* _Task item_: All entries must be repeated exactly. No picture should appear in the result.

* _Provided data_:
============

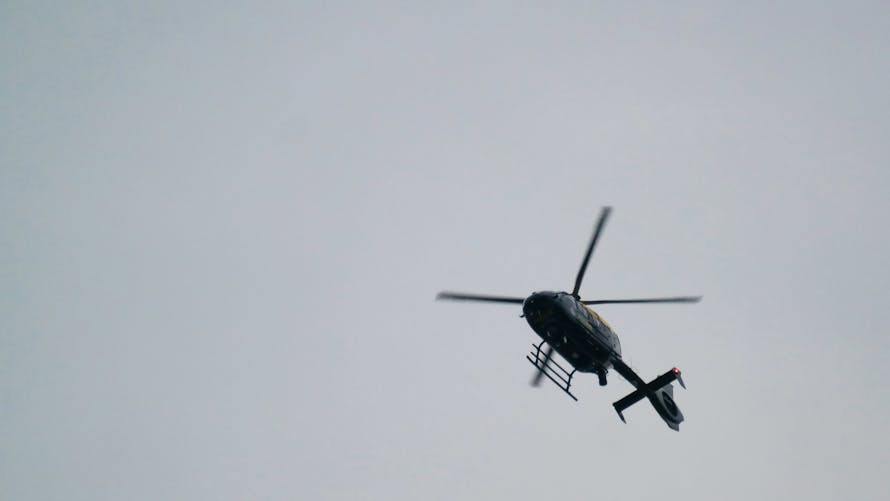 Des enfants sont bloqués dans une télécabine à 365 m de haut au Pakistan et doivent être secourus en hélicoptère.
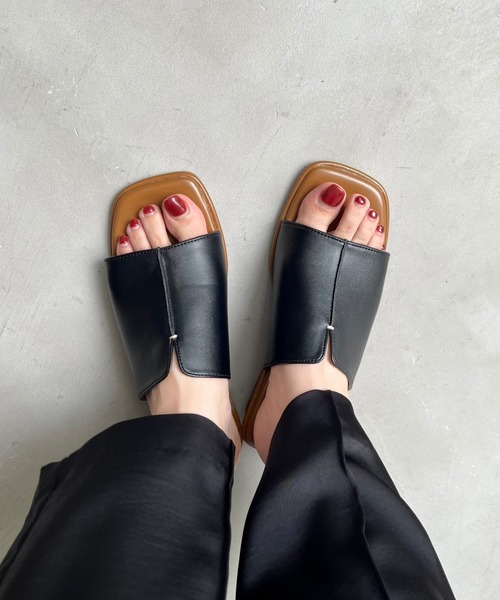 ORiental TRaffic（オリエンタルトラフィック）の「センター スリット ミュール サンダル /55206（サンダル・レディース・ブラック/ベージュ・LL/S/M/L）」の14枚目の写真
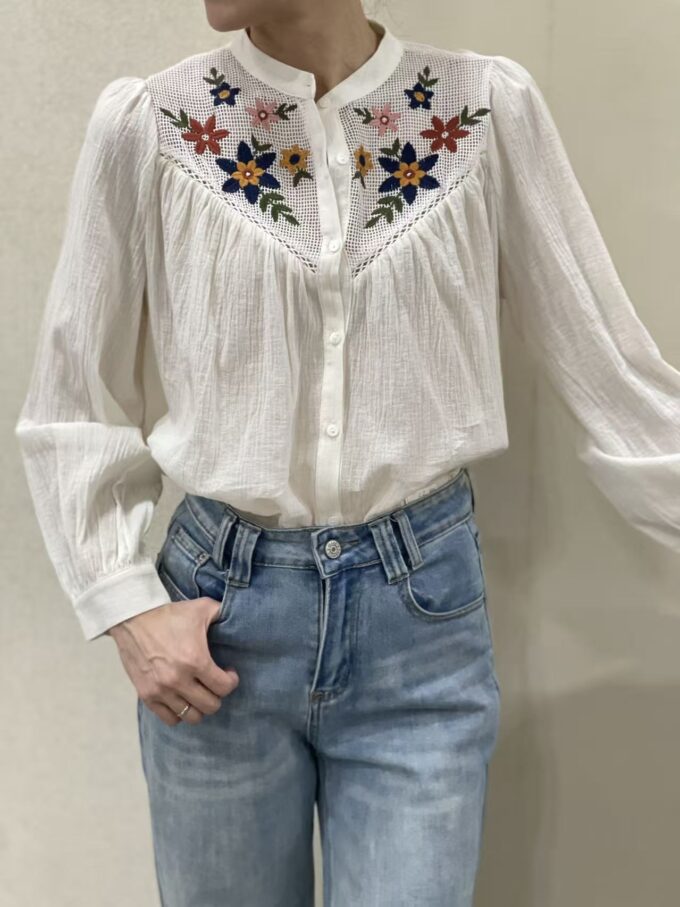 Inicio 7 <span class="new">BERRIA/NEW</span> Camisa bordada color crudo Sandra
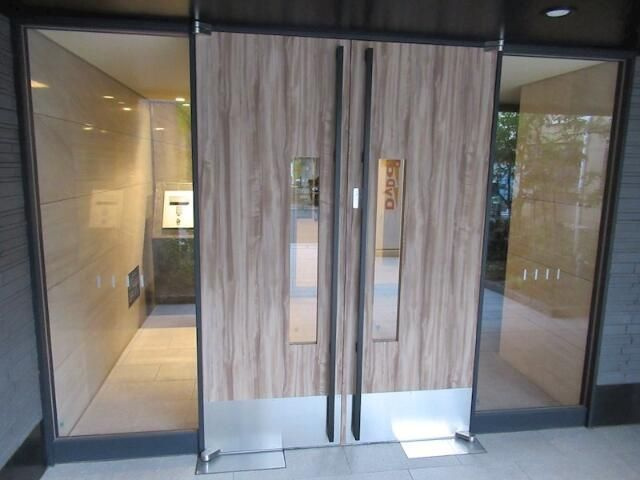 MAXIV西大島のエントランス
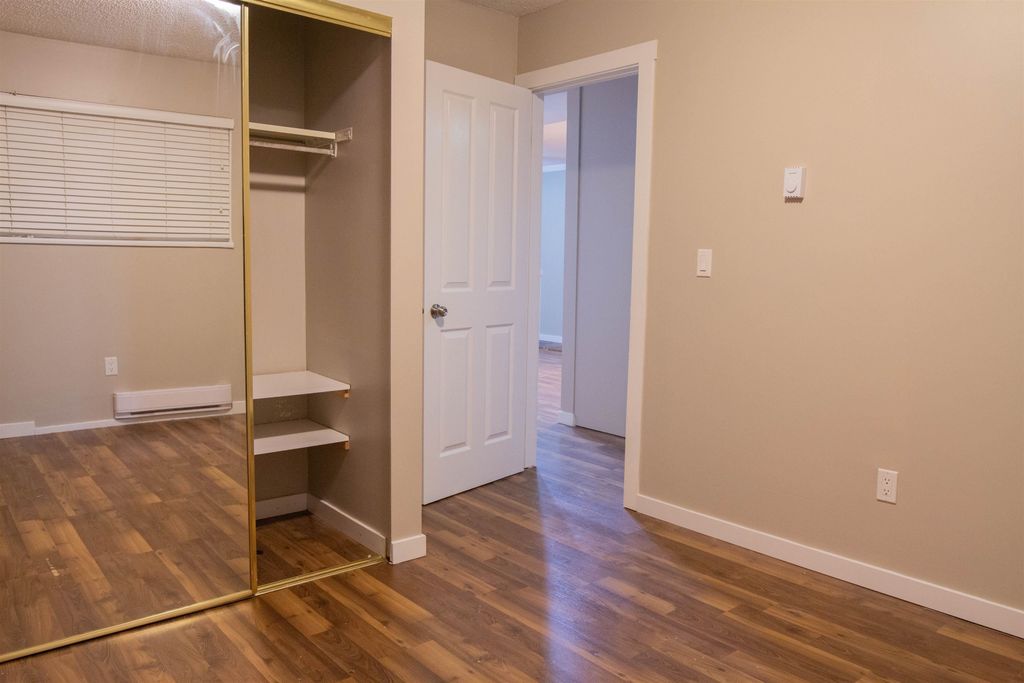 listing image 1106495311434542367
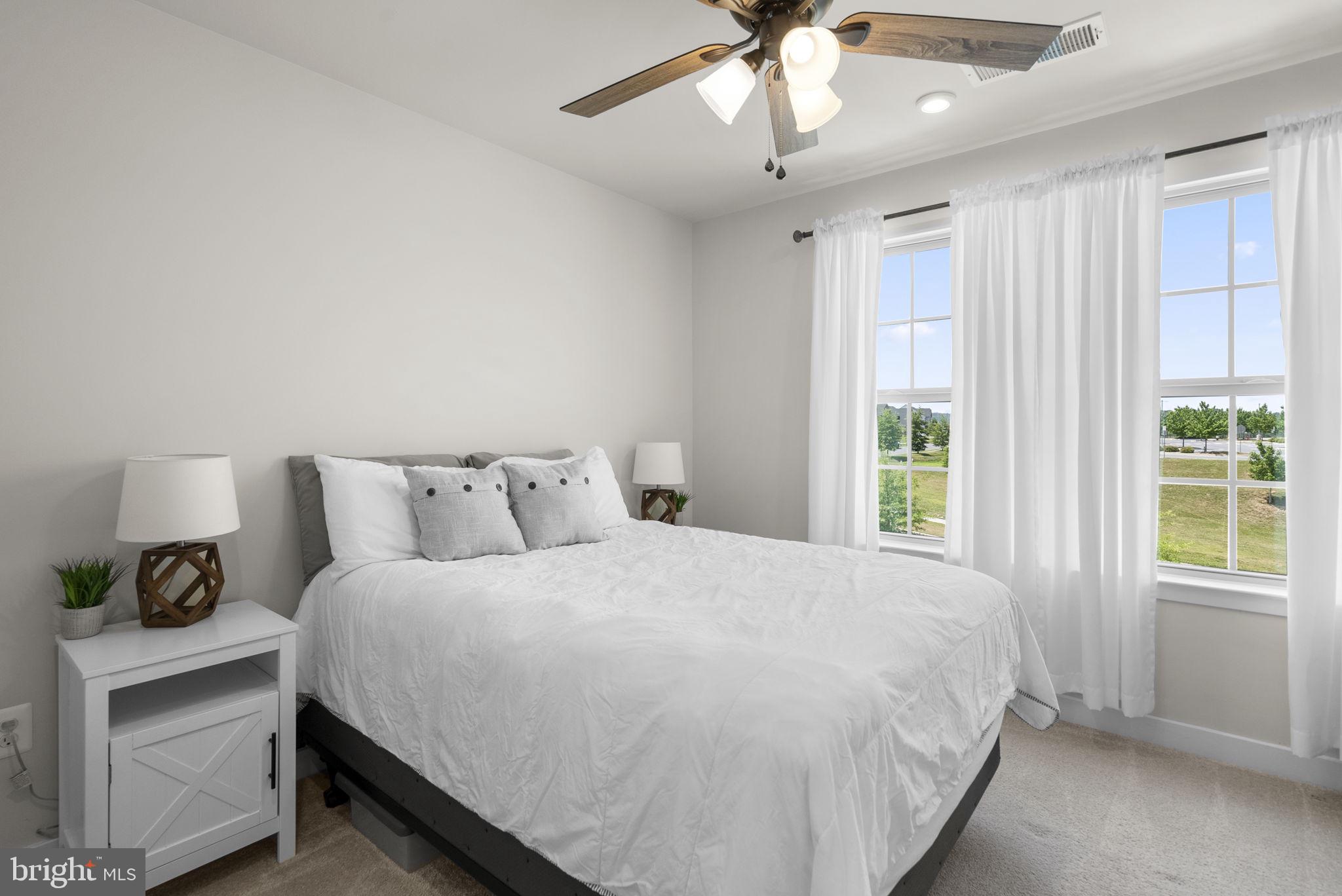 LAKE LINGANORE EAGLEHEAD - Residential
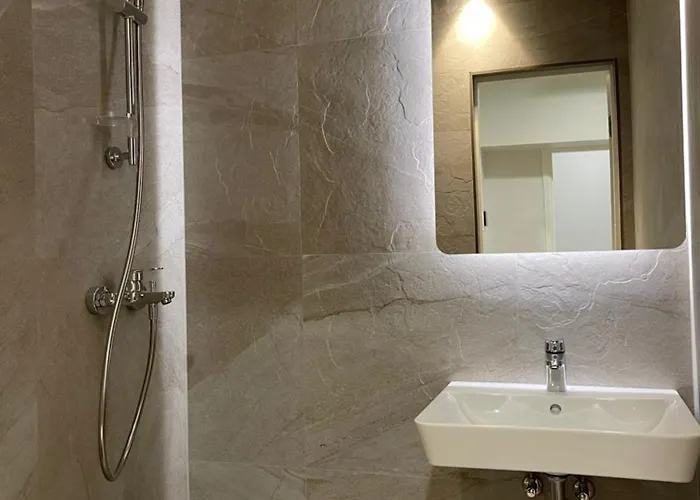 Airport-bus - 13 North - Comfort 4 *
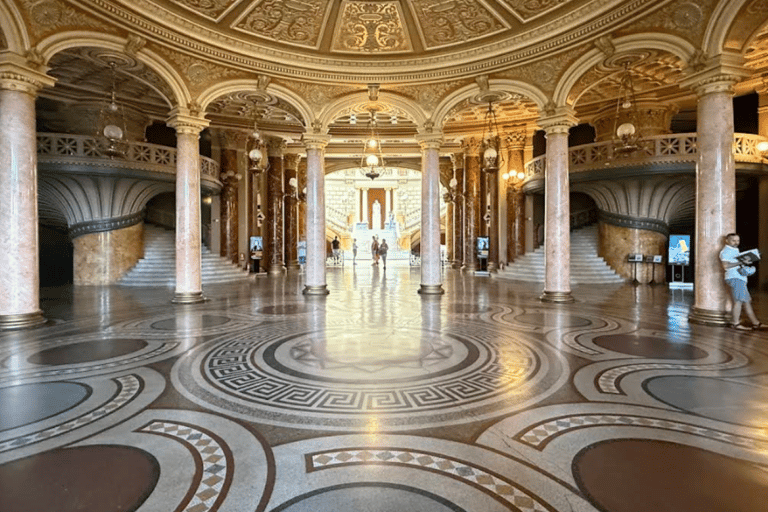 Bucharest: Royal Buildings Tour with Lunch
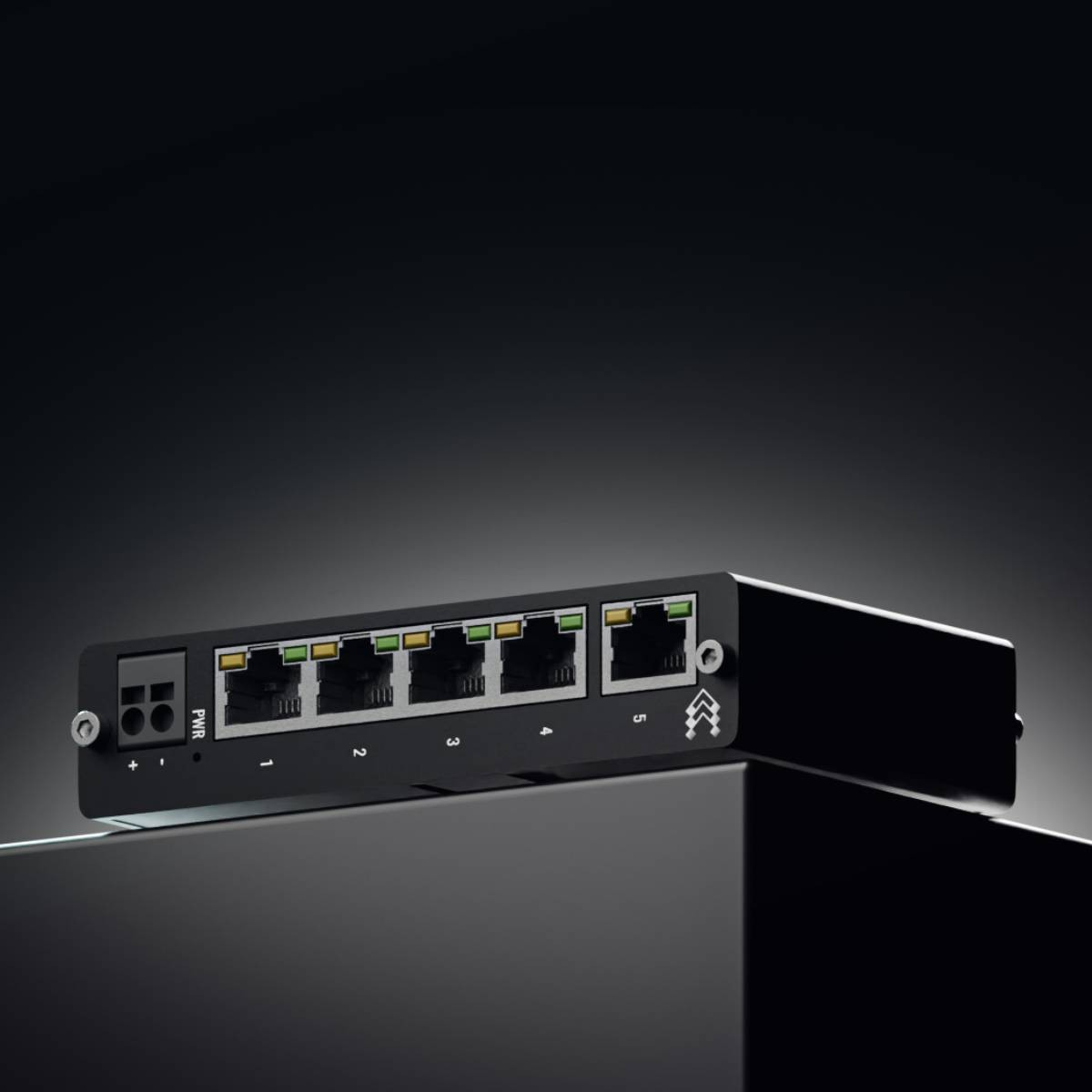 Czarny przełącznik sieciowy z pięcioma portami na ciemnym tle.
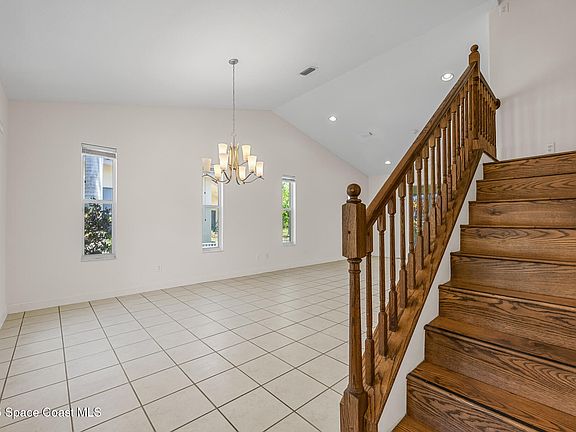 5th image of 805 W Central Blvd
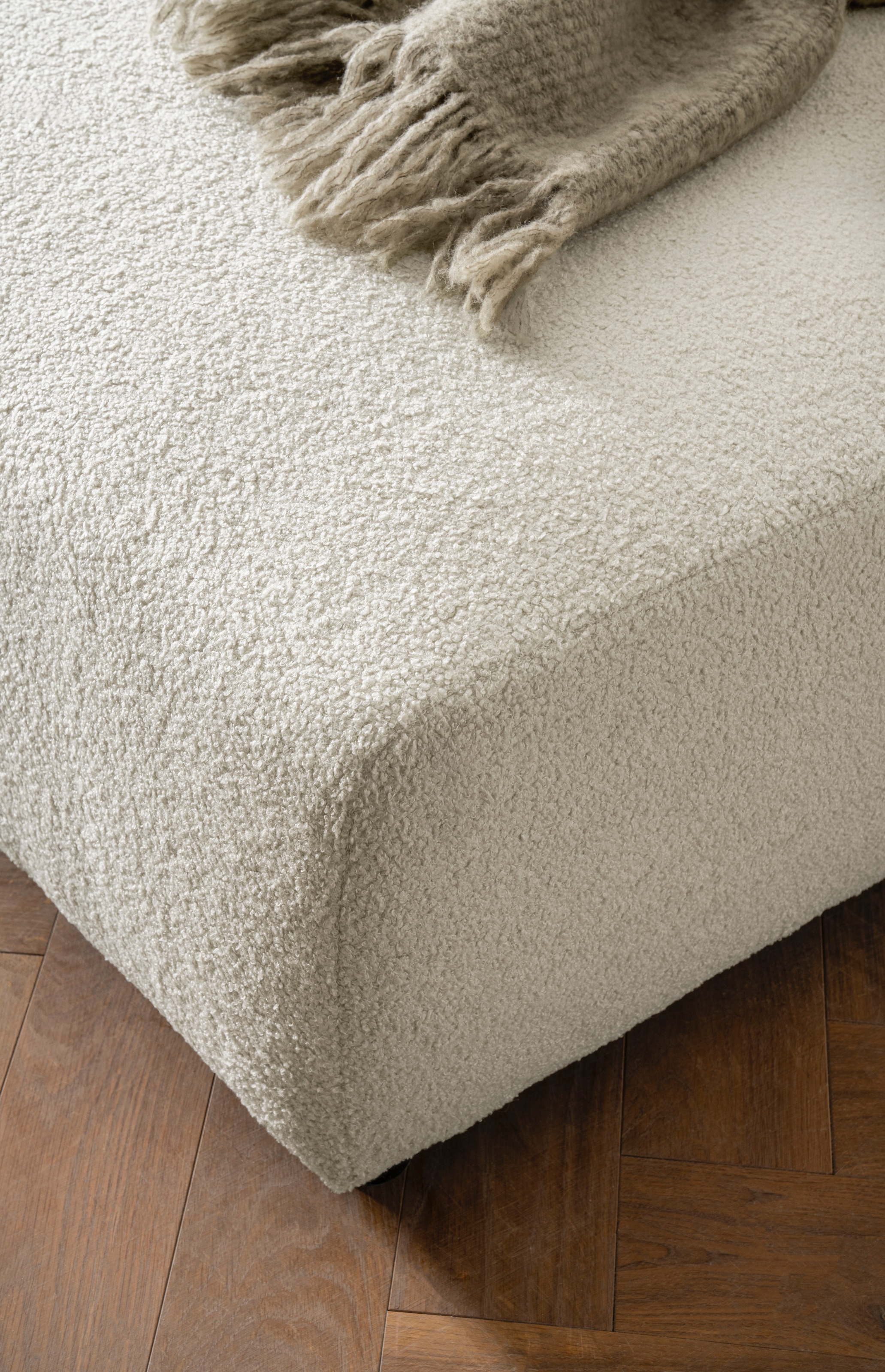 andas Ecksofa »BAKELS, L-Form in Cord oder Boucle-Stoff, moderne Couch«, wahlweise Recamiere rechts/links, bequemer Sitzkomfort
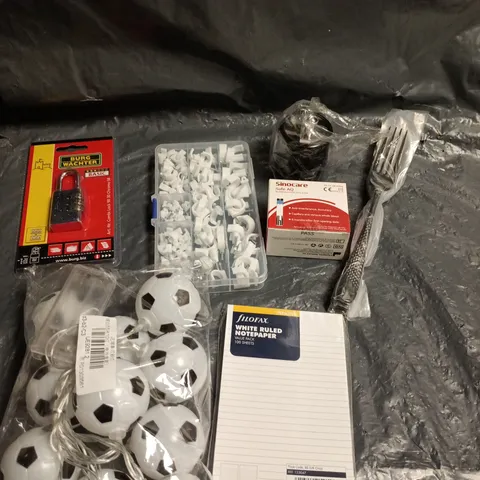APPROXIMATELY 20 ASSORTED HOUSEHOLD ITEMS TO INCLUDE PADLOCK, NOTEPAPER, LED LIGHTS ETC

============

* _Result of the task_:
 Des enfants sont bloqués dans une télécabine à 365 m de haut au Pakistan et doivent être secourus en hélicoptère.
 ORiental TRaffic（オリエンタルトラフィック）の「センター スリット ミュール サンダル /55206（サンダル・レディース・ブラック/ベージュ・LL/S/M/L）」の14枚目の写真
 Inicio 7 <span class="new">BERRIA/NEW</span> Camisa bordada color crudo Sandra
 MAXIV西大島のエントランス
 listing image 1106495311434542367
 LAKE LINGANORE EAGLEHEAD - Residential
 Airport-bus - 13 North - Comfort 4 *
 Bucharest: Royal Buildings Tour with Lunch
 Czarny przełącznik sieciowy z pięcioma portami na ciemnym tle.
 5th image of 805 W Central Blvd
 andas Ecksofa »BAKELS, L-Form in Cord oder Boucle-Stoff, moderne Couch«, wahlweise Recamiere rechts/links, bequemer Sitzkomfort
APPROXIMATELY 20 ASSORTED HOUSEHOLD ITEMS TO INCLUDE PADLOCK, NOTEPAPER, LED LIGHTS ETC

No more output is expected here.